[Data records]
<<<<
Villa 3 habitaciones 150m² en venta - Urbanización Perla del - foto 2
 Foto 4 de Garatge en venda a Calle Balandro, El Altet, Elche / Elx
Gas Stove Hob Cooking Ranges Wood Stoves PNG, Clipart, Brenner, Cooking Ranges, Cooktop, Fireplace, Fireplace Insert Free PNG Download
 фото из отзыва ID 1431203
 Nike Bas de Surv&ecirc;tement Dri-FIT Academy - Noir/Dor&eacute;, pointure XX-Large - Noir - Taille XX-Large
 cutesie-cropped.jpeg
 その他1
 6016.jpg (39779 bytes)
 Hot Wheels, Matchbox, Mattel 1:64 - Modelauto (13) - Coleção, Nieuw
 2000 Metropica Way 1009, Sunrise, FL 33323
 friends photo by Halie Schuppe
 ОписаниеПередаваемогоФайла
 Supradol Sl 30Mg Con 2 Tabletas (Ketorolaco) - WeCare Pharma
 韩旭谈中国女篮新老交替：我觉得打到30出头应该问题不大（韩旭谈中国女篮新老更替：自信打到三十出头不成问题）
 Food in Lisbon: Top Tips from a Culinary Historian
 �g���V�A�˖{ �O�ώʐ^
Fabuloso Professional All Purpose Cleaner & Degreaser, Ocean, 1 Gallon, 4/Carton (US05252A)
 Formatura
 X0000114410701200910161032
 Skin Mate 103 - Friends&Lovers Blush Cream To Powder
>>>>
- **Task requirements**
What are the lines from the one with "ОписаниеПередаваемогоФайла" through the end of the records above? Set them down exactly, both ends included, and nothing else.

- **Output for this task**
 ОписаниеПередаваемогоФайла
 Supradol Sl 30Mg Con 2 Tabletas (Ketorolaco) - WeCare Pharma
 韩旭谈中国女篮新老交替：我觉得打到30出头应该问题不大（韩旭谈中国女篮新老更替：自信打到三十出头不成问题）
 Food in Lisbon: Top Tips from a Culinary Historian
 �g���V�A�˖{ �O�ώʐ^
Fabuloso Professional All Purpose Cleaner & Degreaser, Ocean, 1 Gallon, 4/Carton (US05252A)
 Formatura
 X0000114410701200910161032
 Skin Mate 103 - Friends&Lovers Blush Cream To Powder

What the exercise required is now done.